## Working with Dask Arrays

In this chapter we'll explore how we can use `dask.array` to read multiple data sources and perform computations with them as a single data array. We'll learn some advanced uses of NumPy arrays when dealing with high dimensional data that also work on Dask arrays. Finally, we'll examine climate patterns in the US from monthly weather data in the US.

### Chunking a NumPy array
A NumPy array has been provided for you as energy. This is the electricity load in kWh for the state of Texas sampled every 15 minutes over the year 2000 (that's about 35 thousand samples).

Your job is to convert the NumPy array into a dask.array; the dask.array should have chunks whose sizes are 1/4 of the number of elements of the array energy.
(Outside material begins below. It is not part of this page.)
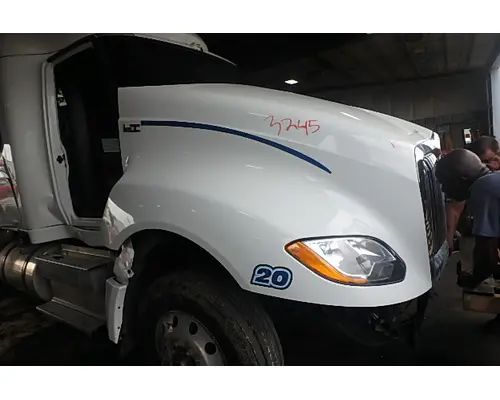INTERNATIONAL LT625 Hood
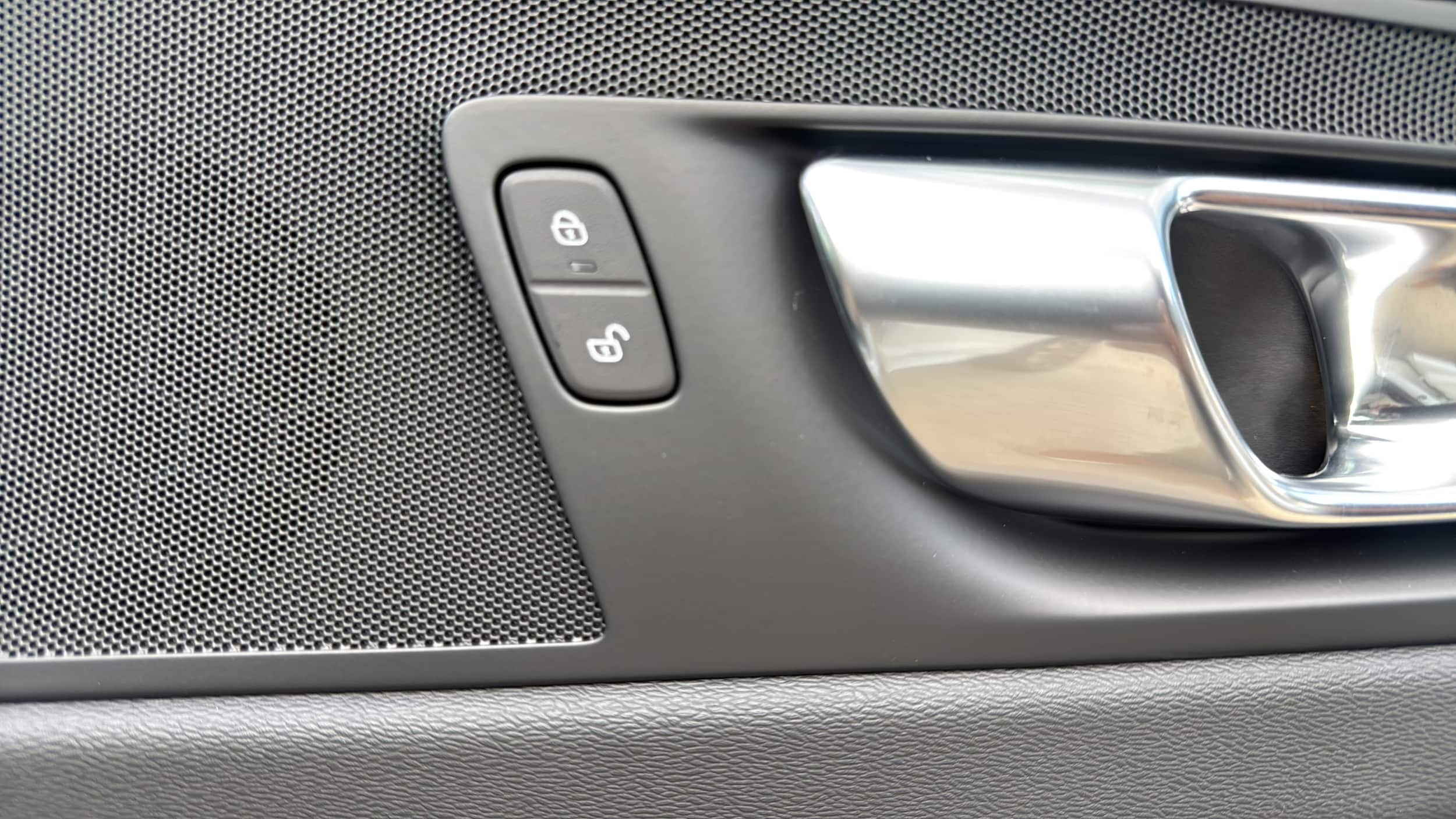 2026 Volvo XC60 Plus - Photo 30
You will then inspect the chunk sizes of the Dask array. Finally, you'll compute the mean electricity load in kWh in two ways (using the dask.array and using the NumPy array) to compare the results.

In [14]:
# read hdf5 file

import h5py
f = h5py.File('texas2000.hdf5', 'r')

# check keys
f.keys()
# define load
load = f['load']
# print
print(load)

import dask.array as da

# Call da.from_array():  energy_dask
energy_dask = da.from_array(load, chunks = 0.25*load.shape[0])

# Print energy_dask.chunks
print(energy_dask.chunks)

# Print Dask array average and then NumPy array average
print(energy_dask.mean().compute())

<HDF5 dataset "load": shape (35136,), type "<f8">
((8784, 8784, 8784, 8784),)
6077.886444672131


### Timing Dask array computations
Your job now is to create two Dask arrays from energy using different chunksizes. You'll then measure the time required (in milliseconds) to compute the standard deviation of each Dask array.

In [16]:
# Import time
import time

# Call da.from_array() with arr: energy_dask4
energy_dask4 = da.from_array(load, chunks = 0.25 * load.shape[0])

# Print the time to compute standard deviation
t_start = time.time()
std_4 = energy_dask4.std()
t_end = time.time()
print((t_end - t_start) * 1.0e3)

1.068115234375


In [17]:
# Now use chunks set to 1/8 the length of energy and as before, print the time in milliseconds to compute the standard deviation.

# Call da.from_array() with arr: energy_dask8
energy_dask8 = da.from_array(load, chunks= 1/8*load.shape[0])

# Print the time to compute standard deviation
t_start = time.time()
std_8 = energy_dask8.std()
t_end = time.time()
print((t_end - t_start) * 1.0e3)

1.2850761413574219